• _Exercise description_
Copy every line below that has the word "Texas" in it.

• _Records supplied_
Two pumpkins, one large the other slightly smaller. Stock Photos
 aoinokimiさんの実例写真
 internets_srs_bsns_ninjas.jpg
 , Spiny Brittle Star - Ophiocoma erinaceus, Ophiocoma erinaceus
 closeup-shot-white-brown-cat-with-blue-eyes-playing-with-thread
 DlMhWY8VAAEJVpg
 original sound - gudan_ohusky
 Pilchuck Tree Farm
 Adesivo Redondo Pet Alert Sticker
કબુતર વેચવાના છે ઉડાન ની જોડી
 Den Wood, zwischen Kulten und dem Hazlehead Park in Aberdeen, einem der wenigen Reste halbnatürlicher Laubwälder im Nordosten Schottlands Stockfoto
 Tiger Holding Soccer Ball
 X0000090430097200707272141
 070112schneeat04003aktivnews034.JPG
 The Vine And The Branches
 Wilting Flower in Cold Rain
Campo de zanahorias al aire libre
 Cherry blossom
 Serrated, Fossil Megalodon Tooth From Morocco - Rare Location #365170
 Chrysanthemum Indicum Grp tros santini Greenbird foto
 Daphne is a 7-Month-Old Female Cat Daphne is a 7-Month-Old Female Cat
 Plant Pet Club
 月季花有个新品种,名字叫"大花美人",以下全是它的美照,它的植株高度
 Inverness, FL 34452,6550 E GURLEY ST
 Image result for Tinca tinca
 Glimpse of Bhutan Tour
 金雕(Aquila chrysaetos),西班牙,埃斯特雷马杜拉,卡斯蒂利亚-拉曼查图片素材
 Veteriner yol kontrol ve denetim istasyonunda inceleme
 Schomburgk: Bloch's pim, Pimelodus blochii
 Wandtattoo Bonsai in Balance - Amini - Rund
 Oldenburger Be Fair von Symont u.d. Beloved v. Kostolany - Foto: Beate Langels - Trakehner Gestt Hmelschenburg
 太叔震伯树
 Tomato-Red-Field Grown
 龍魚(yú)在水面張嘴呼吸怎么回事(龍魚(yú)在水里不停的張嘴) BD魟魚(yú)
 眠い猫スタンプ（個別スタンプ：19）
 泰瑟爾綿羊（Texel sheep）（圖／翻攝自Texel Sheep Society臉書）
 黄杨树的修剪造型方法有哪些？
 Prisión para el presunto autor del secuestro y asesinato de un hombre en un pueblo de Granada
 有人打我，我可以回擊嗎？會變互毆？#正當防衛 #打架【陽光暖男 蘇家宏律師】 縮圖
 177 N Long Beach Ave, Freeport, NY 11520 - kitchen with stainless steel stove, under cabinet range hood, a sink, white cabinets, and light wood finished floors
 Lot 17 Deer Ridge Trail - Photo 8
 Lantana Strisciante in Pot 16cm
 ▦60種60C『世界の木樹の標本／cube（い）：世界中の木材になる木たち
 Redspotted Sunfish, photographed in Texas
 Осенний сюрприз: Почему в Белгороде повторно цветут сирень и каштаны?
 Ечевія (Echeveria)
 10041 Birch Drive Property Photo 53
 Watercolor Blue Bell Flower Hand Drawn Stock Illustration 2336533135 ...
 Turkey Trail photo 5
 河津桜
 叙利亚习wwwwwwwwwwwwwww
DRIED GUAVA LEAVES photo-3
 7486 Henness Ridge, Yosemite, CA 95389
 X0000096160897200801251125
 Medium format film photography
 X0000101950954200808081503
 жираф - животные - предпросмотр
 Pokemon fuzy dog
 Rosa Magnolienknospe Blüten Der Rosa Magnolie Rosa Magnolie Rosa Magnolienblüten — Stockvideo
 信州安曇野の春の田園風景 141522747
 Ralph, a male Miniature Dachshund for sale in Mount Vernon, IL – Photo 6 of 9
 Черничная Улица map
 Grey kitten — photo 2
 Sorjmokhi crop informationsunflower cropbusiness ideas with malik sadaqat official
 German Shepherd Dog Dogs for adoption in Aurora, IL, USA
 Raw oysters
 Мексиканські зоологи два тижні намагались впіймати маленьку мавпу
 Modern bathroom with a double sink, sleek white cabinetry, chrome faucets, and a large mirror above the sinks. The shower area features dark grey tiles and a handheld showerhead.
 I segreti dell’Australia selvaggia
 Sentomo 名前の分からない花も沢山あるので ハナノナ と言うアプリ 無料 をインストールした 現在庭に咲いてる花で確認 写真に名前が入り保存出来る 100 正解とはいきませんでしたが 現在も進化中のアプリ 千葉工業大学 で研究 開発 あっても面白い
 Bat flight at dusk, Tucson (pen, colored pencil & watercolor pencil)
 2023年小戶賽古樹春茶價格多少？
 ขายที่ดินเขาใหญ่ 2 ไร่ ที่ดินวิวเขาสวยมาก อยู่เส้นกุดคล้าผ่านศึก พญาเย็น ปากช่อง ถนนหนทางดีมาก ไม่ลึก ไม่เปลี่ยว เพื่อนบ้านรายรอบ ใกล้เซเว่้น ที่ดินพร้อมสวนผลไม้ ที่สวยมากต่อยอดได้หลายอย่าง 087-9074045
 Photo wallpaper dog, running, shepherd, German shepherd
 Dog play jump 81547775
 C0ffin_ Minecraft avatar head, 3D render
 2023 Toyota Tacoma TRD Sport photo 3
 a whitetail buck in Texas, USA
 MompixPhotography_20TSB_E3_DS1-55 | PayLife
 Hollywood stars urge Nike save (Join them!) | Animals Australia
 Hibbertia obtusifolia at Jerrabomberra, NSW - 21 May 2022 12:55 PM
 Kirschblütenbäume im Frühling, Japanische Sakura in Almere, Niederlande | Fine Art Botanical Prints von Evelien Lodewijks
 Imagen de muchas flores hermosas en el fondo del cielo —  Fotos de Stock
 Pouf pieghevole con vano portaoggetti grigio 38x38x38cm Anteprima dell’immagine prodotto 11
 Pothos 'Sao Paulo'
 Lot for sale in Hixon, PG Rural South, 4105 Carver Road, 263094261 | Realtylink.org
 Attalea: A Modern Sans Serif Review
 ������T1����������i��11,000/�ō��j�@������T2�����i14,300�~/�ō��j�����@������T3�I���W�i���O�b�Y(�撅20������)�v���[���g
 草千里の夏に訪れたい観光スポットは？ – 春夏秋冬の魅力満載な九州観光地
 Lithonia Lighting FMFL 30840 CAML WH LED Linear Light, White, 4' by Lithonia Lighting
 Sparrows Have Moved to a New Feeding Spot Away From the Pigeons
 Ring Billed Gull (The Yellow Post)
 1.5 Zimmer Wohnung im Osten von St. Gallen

• _Solution below_
 Redspotted Sunfish, photographed in Texas
 a whitetail buck in Texas, USA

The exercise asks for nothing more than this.